---- Data
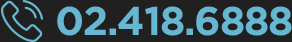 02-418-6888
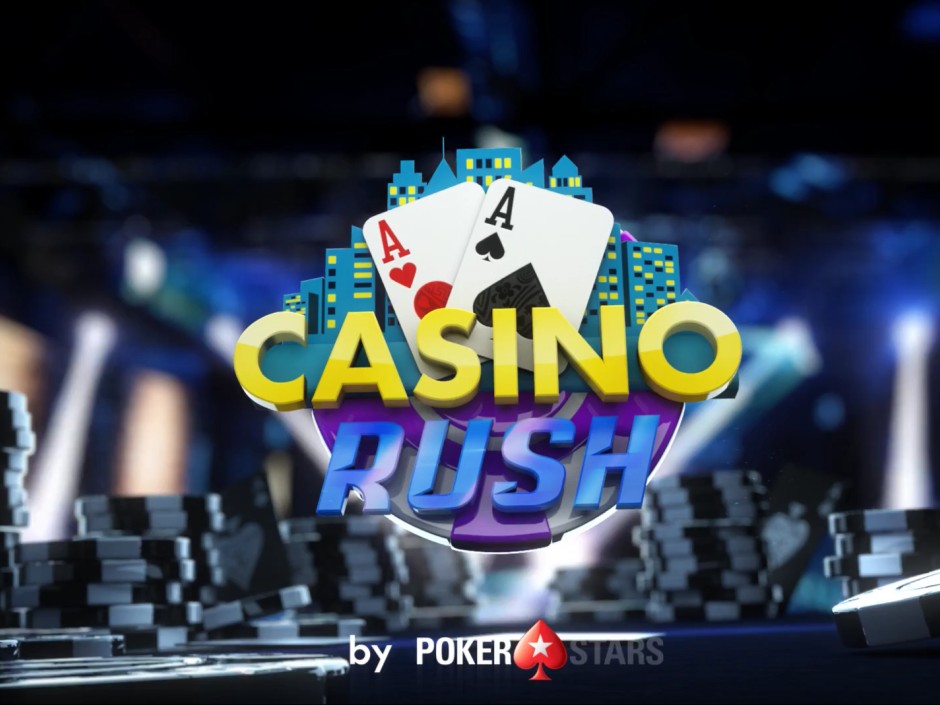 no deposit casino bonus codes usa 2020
--------
---- Data
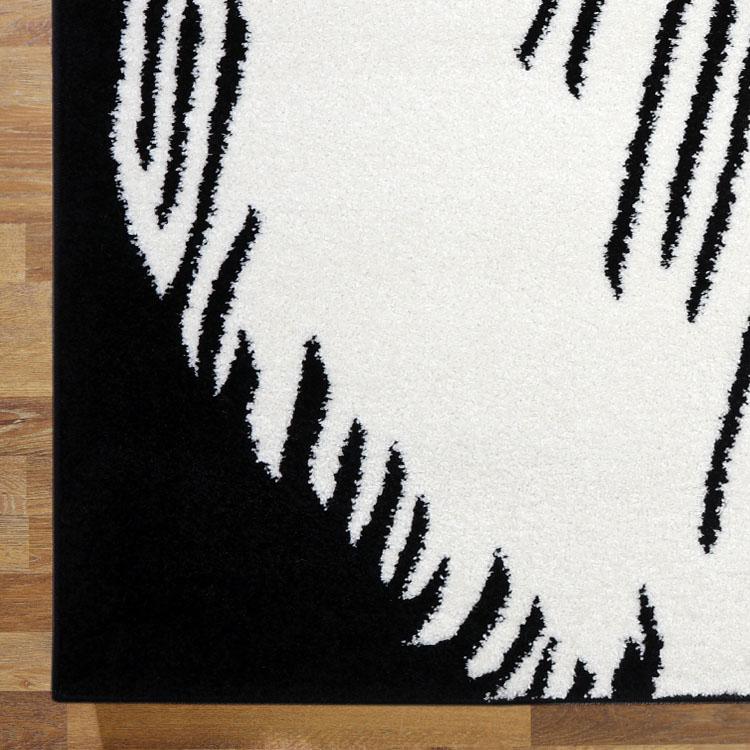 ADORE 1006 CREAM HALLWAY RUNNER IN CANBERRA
--------
Work order — Write out word for word the lines of the listing above from the line with "02-418-6888" to the line with "no deposit casino bonus codes usa 2020", taking in both of those lines but no pictures.

Your solution —
 02-418-6888
 no deposit casino bonus codes usa 2020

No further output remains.